Retrospective: Party, Started

The creation of the Alberta Party

By Curtis Gillespie

Where did the chaos of January 2011 leave the Alberta Party? The only provincial party left standing that hadn’t alienated itself from Alberta’s vast swath of disaffected voters through obvious extremism (Wildrose), heedless incompetence (Tories), irremediable ineffectiveness (Liberals) or plain old irrelevance (NDP)? Sure, no one really quite knew, then or now, precisely what the Alberta Party was. But in the days and weeks that followed January’s political upheaval what the party seemed to have going for it most was everything it’s not.
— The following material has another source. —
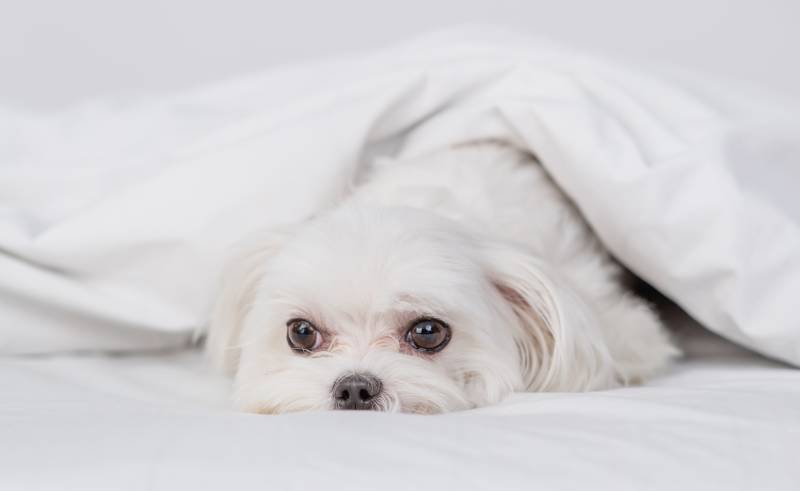sad Maltese puppy lying under white warm blanket on a bed at home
Hey, you’ve got to start somewhere.

The serious work of forming the new version of the Alberta Party, which until a couple of years ago had been a vaguely right-of-centre fringe party, began in 2009 when the Renew Alberta movement announced it was going to create a new centrist political party. Renew Alberta was essentially a group of activists whose only common affiliation was a commitment to political change. It was co-chaired by Chima Nkemdirim, the organizer and social-media guru behind Liberal MLA Kent Hehr’s 2008 and Calgary Mayor Naheed Nenshi’s 2010 victories. Nkemdirim is now on the Alberta Party board.
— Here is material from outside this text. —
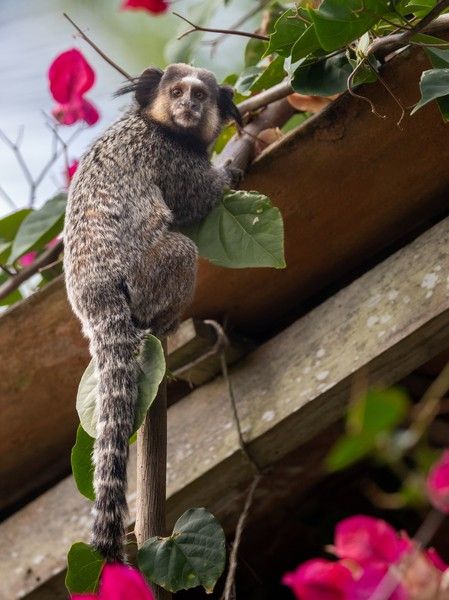 438b5df9933e8ad97c80015298a7b518ce96a25c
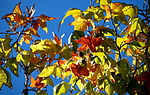 photo thumbnail #2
Through various channels, including the November 2009 “Reboot Alberta” conference—the activist expression of commentators such as Michael Brechtel and lawyer and former Tory Ken Chapman, both of whom are now tied to the Alberta Party—Renew Alberta found and talked with members of the Alberta Party prior to forming their own party. Renew Alberta and the Alberta Party realized their similarities outweighed their differences, principally on the issue of democratic deficit. The Alberta Party executive met in early January 2010 and named Edwin Erickson—formerly of the Greens—as party leader, giving him a mandate to unite Renew Alberta and the Alberta Party. In February 2010 the activist group and political party merged, agreeing, in policy terms, to start again from scratch.

In essence, a whole bunch of people upset and frustrated with Alberta politics got together and decided to use an existing party, the Alberta Party, as their vehicle of change. It needed a new engine and a steering wheel, but a brand new car was too expensive and so the group settled for the used one with the great hood ornament: the perfect name.

To read the entire article, from the May 2011 issue, click here.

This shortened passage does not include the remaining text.